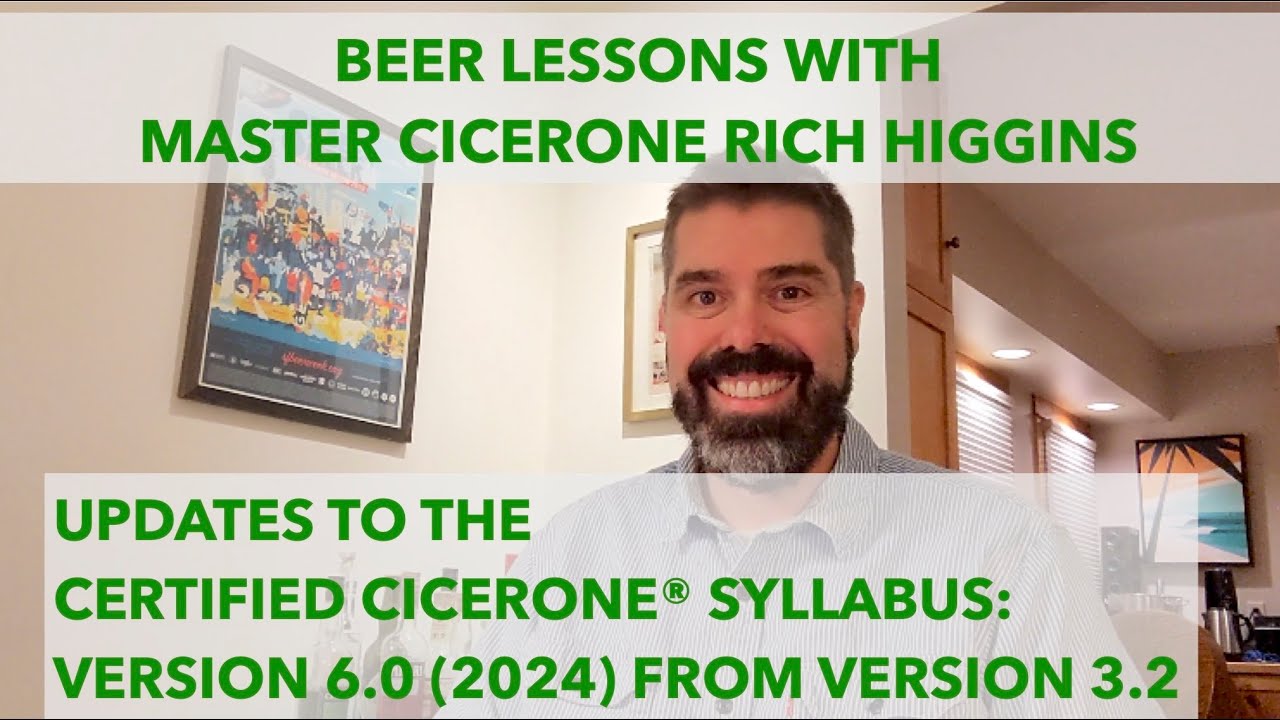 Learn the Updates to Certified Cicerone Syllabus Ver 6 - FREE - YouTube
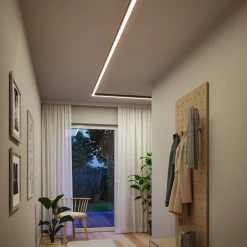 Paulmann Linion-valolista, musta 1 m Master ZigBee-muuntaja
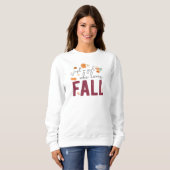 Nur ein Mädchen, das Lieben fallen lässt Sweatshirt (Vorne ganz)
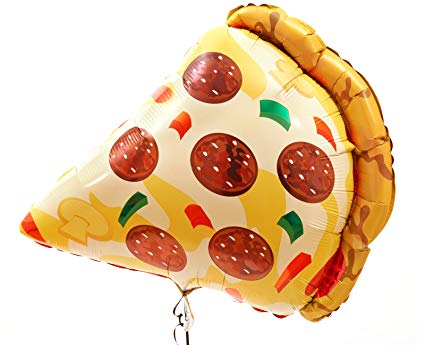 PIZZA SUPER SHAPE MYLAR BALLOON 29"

● ● ● ● ● ● ●

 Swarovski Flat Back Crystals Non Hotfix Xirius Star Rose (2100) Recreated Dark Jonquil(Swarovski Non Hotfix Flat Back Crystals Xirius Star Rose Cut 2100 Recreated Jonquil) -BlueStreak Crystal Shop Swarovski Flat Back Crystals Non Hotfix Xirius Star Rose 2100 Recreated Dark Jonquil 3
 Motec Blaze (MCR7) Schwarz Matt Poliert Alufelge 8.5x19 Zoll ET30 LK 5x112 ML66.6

● ● ● ● ● ● ●

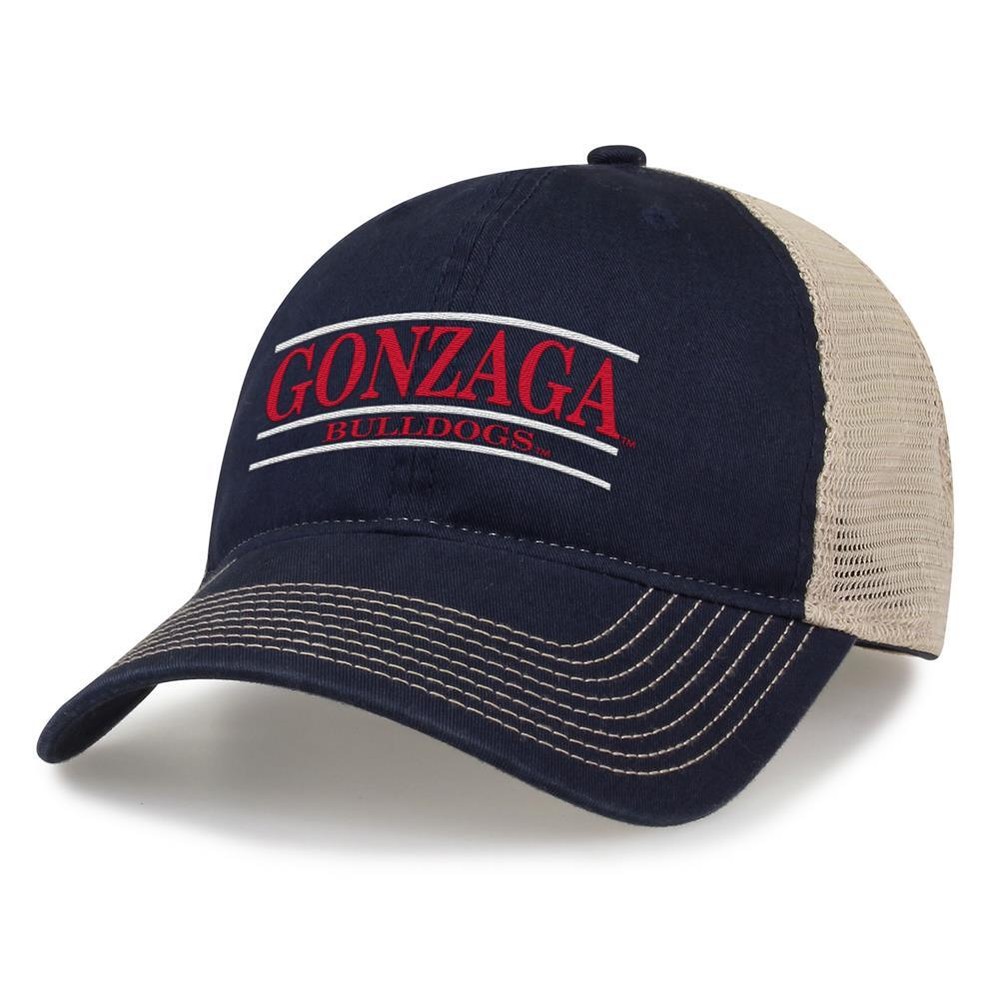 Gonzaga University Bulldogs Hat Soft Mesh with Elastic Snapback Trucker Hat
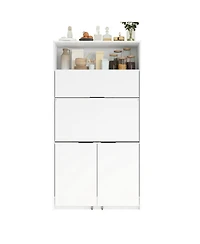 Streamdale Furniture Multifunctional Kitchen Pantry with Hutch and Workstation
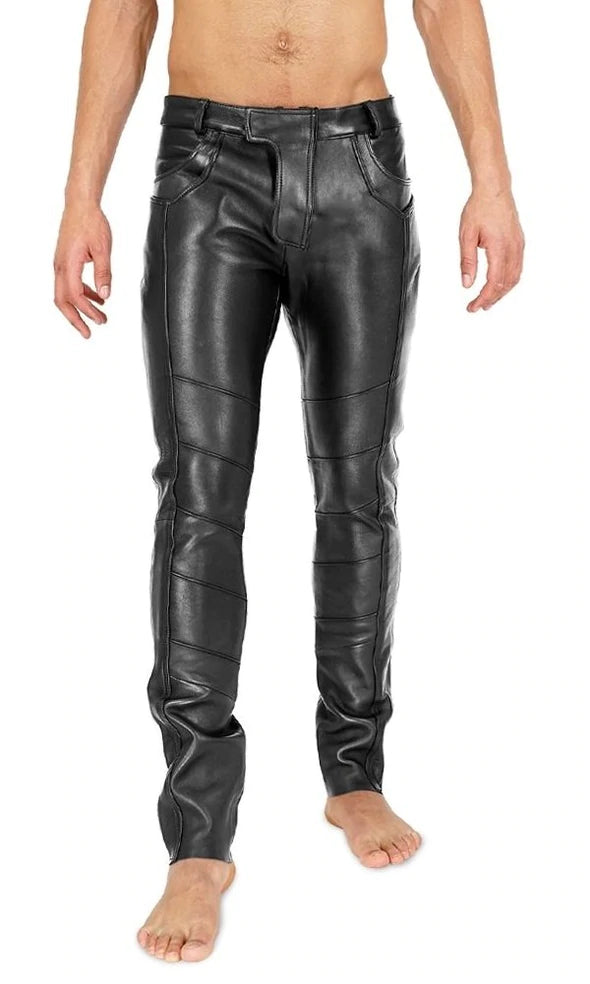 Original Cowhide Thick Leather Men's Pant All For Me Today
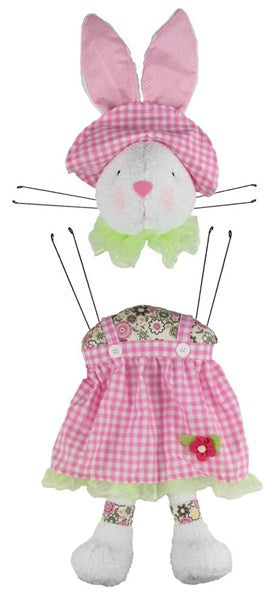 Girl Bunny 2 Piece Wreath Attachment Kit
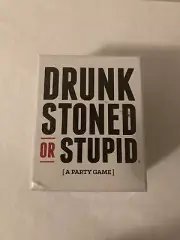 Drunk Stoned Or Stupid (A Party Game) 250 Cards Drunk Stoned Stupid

● ● ● ● ● ● ●

- _Try it_
Give back the exact lines above, running from the one that has "Streamdale Furniture Multifunctional" through the one that has "Drunk Stoned Or", with nothing added and no pictures.

- _Your response_
 Streamdale Furniture Multifunctional Kitchen Pantry with Hutch and Workstation
 Original Cowhide Thick Leather Men's Pant All For Me Today
 Girl Bunny 2 Piece Wreath Attachment Kit
 Drunk Stoned Or Stupid (A Party Game) 250 Cards Drunk Stoned Stupid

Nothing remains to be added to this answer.